[ G.R. No. 272134. September 29, 2025 ] THIRD DIVISION
[ G.R. No. 272134. September 29, 2025 ]
ERNESTO DOMINGO, JR., THE HEIRS OF NORBERTO ROBLES, REPRESENTED BY NORLYN*** ROBLES, SPS. ROBERT*** DAQUIOAG AND MARITES DAQUIOAG, REPRESENTED BY FRANCIS DAQUIOAG AND DOMINADOR GUERRERO, PETITIONERS, VS. ERNESTO ORDONIO, JR., NELFRED CABALLERO, MARK VALDEZ AND JERRY VILLANUEVA, RESPONDENTS. D E C I S I O N
SINGH, J.:
Before the Court is a Petition for Review on Certiorari[1] (Petition) under Rule 45 of the Rules of Court assailing the Court of Appeals (CA) Decision,[2] dated January 27, 2023, and the CA Resolution,[3] dated September 14, 2023, in CA-G.R. SP NO. 10742-MIN. The CA Decision reversed the Regional Trial Court (RTC) Judgment, dated February 19, 2021, in Civil Case No. 963 (19), and dismissed the Complaint for Forcible Entry filed by Ernesto Domingo, Jr. et al. (Domingo, Jr. et al.) for lack of jurisdiction.
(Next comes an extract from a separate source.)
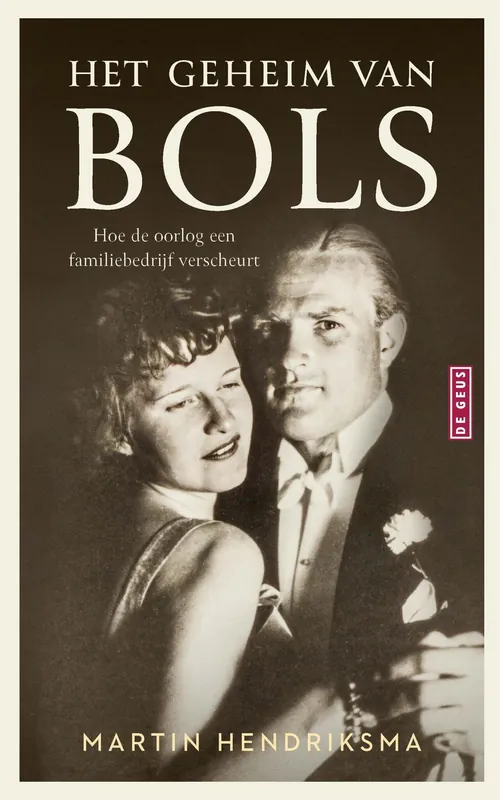 Koop Online Het geheim van Bols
The CA Resolution denied the Motion for Reconsideration filed by Domingo, Jr. et al.
The Facts
In their Complaint for Forcible Entry, Domingo, Jr. et al. alleged that they are the owners of parcels of land situated in Tumiao, Lambayong, Sultan Kudarat covered by the following Transfer Certificates of Title (TCTs):[4]
Ernesto Domingo, Jr.
TCT No. T-68348
30,157 [sqm.]
Norberto Robles
TCT No. T-01912
10,004 [sqm.]
Robert Daquioag
TCT No. T-01913
10,006 [sqm.]
Dominador Guerrero
TCT No. T-01914
30,914 [sqm.]
Total
81,081 [sqm.]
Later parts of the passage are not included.